SMTP and HTTP delivery is blocking I/O. Delivery work runs on a dedicated blocking-I/O dispatcher, the same pattern used by Script Execution Actors, so delivery never blocks the actor's dispatcher loop.
End-to-End Flow
Site script: Notify.To("list").Send(subject, body)
│ generate NotificationId (GUID) locally; return it to the script immediately
▼
Site Store-and-Forward Engine (notification category, target = central)
│ durably forwards to central via Central–Site Communication (ClusterClient);
│ buffers/retries if central is unreachable
▼
Central ingest: insert-if-not-exists on NotificationId → Notifications table (Pending)
│ ack the site → site S&F clears the message
▼
Central Notification Outbox actor (singleton, active central node)

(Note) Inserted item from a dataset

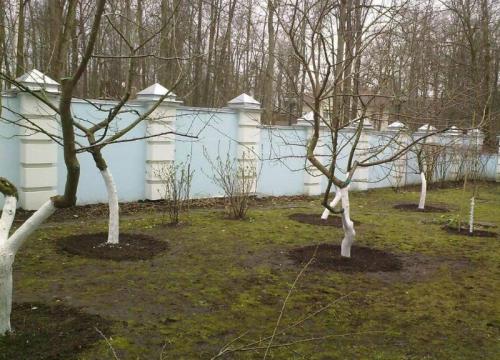 Когда сажают деревья весной или осенью. Посадка деревьев: весной или осенью? Когда лучше?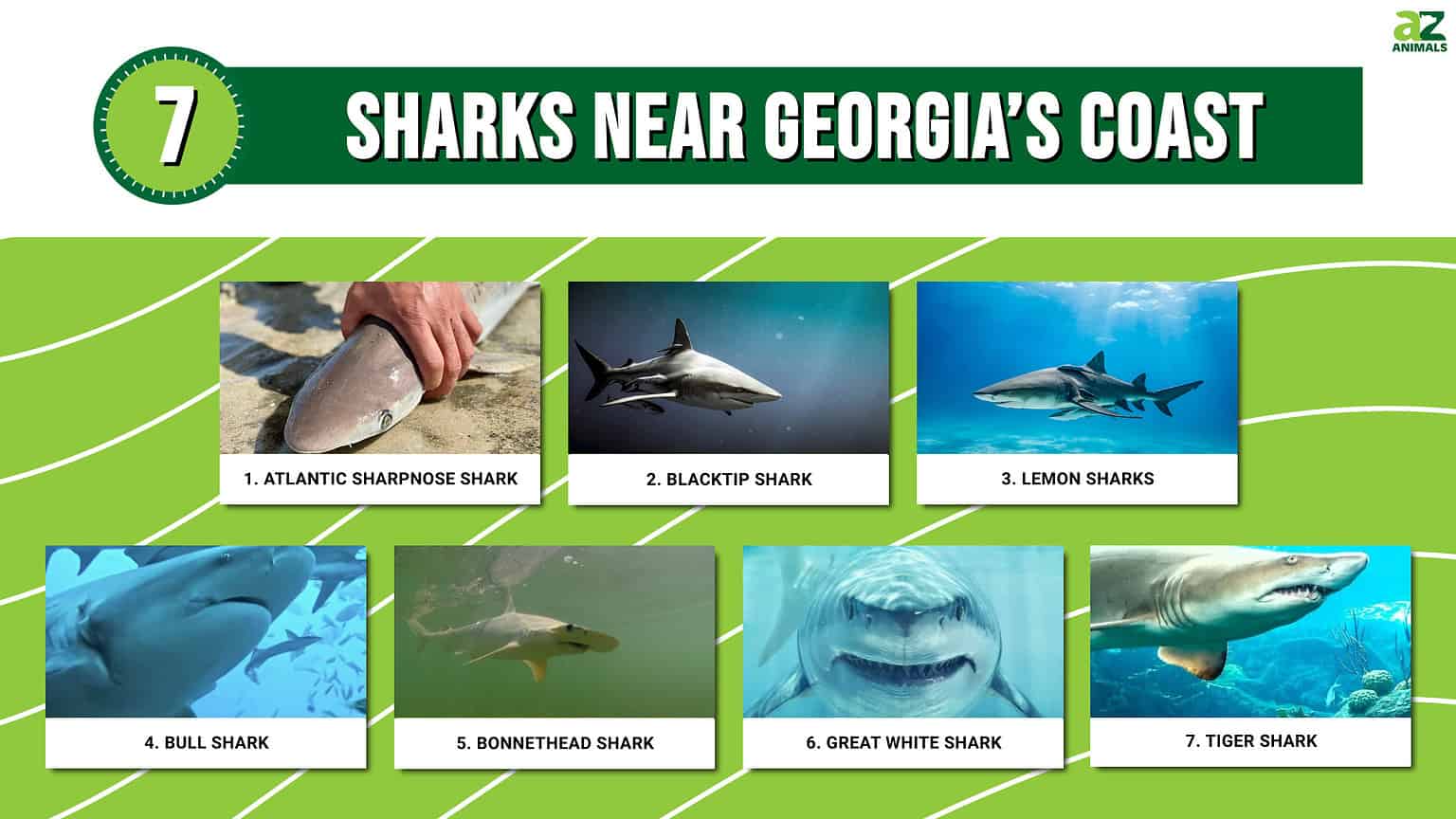 7 Sharks Near Georgia’s Coast - A-Z Animals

│ polls due rows; resolves the list; delivers via the matching adapter
├── success → Delivered
├── transient failure → Retrying (schedule NextAttemptAt)
└── permanent failure
/ retries exhausted → Parked
The site forwards only (listName, subject, body) plus provenance — recipient resolution happens at central, at delivery time. This keeps notification-list definitions in one place and removes the deploy-to-sites artifact entirely.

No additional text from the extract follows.